Despite a year of fawning praise by a number of media and supposed policy experts and intense lobbying for the bill by some of the state and nation’s most powerful political players and vested interests, the bill collapsed Monday in the Senate Health Committee, gaining just one vote from the 11 committee members.
For months the Schwarzenegger bill, which landed him on talk shows and the covers of national magazines, was marketed as the model for national reform.
As was before it, the Mitt Romney-inspired Massachusetts law, now careening with $400 million in red ink and 60,000 people, so far, who have been exempted from its punitive, mandatory insurance plans.
Proponents of the California bill promised that they had learned from the Massachusetts debacle and fixed its myriad flaws as they crafted revised version after revised version in closed door meetings. One thing they may have learned — roses don’t grow in the dark.
What does this mean for the three Democrats running for their party’s top prize or other legislators contemplating similar bills? A few reminders, and several huge potholes and pitfalls to avoid:
1. It’s not the swiftest idea to force people to buy insurance without telling them how much it will cost and what they get in return, and then threaten to seize their wages and their house if they don’t go along.

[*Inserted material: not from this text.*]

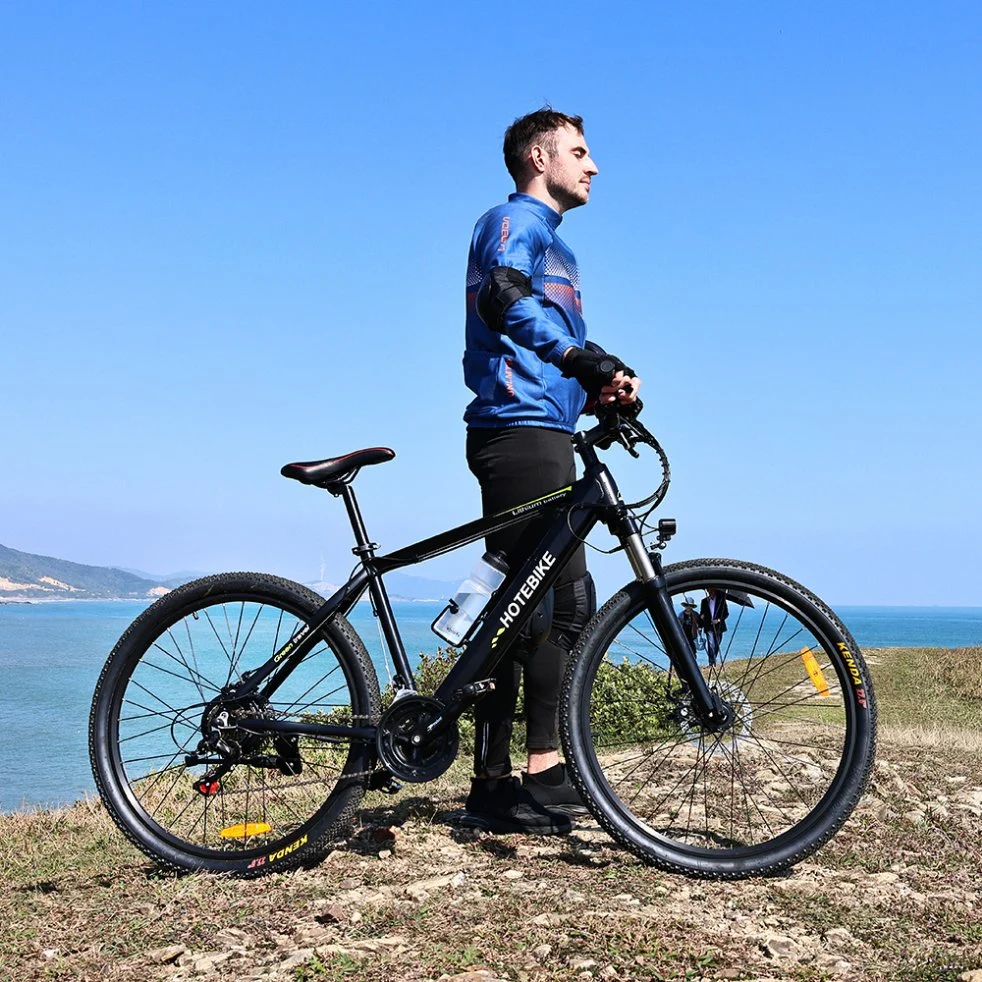 Stock Ebike Hard Tail 26 27.5 pollici 29er 250W e Mountain Bike bicicletta elettrica per adulti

2. If the leading proponent of the bill doesn’t want the plan either, you might want to send the script back to re-write. During a committee hearing, state Sen. Gloria Negrete McLeod asked Schwarzenegger’s Secretary of Health Kim Belshe if she’d want the bill’s coverage. After hemming and hawing, Belshe conceded she’d have to defer until she knew what those benefits are.
3. Don’t propose a $14 billion plan in the midst of a $14 billion budget deficit. And when your lead proponent, Schwarzenegger, wants to raise Medi-Cal (Medicaid) reimbursements and benefits in his bill while simultaneously urging the legislature to cut Medi-Cal benefits and reimbursements in his budget, people might think he’s auditioning for a role in a remake of Dr. Jekyll and Mr. Hyde rather than governing.
4. Promoting lung cancer and emphysema to pay for a health bill is not a smooth move. Nor is a bill that relies on a hefty tobacco tax while concurrently advocating smoking cessation programs. Can you say declining revenue stream?
5. Providing corporate welfare by encouraging Wal-Mart and other big employers to dump their low-wage hourly employees into an underfunded public pool is not a slick way to ask for union support.
6. It doesn’t count as “cost controls” when you ask the insurers to tell us how much they are charging. And subsidies or tax credits for premiums don’t make a plan “affordable” when people have to pay extra for co-pays, deductibles, dental, vision, mental health, and long term care.
7. Assuring people choice of provider does not mean they can continue to enjoy the pleasure of being price gouged every time choose an “out of network” doctor or hospital. They already have that privilege.
8. When your main advocate is a governor who has vetoed every healthcare expansion and insurance regulation bill put before him, while accepting tens of thousands of dollars in campaign contributions from the healthcare industry, you might have a credibility gap.
9. Don’t pretend the insurance industry is opposed to the bill when seven of the state’s biggest insurance giants are stumping for it.
10. If the bill caps the fees being paid by employers and hospitals, but sets no limit on what individuals and workers will have to pay year in and year out, don’t be surprised if people think their pocket is being picked.
P.S. Californians, like other Americans, do want genuine healthcare reform. This wasn’t it. Let’s try again.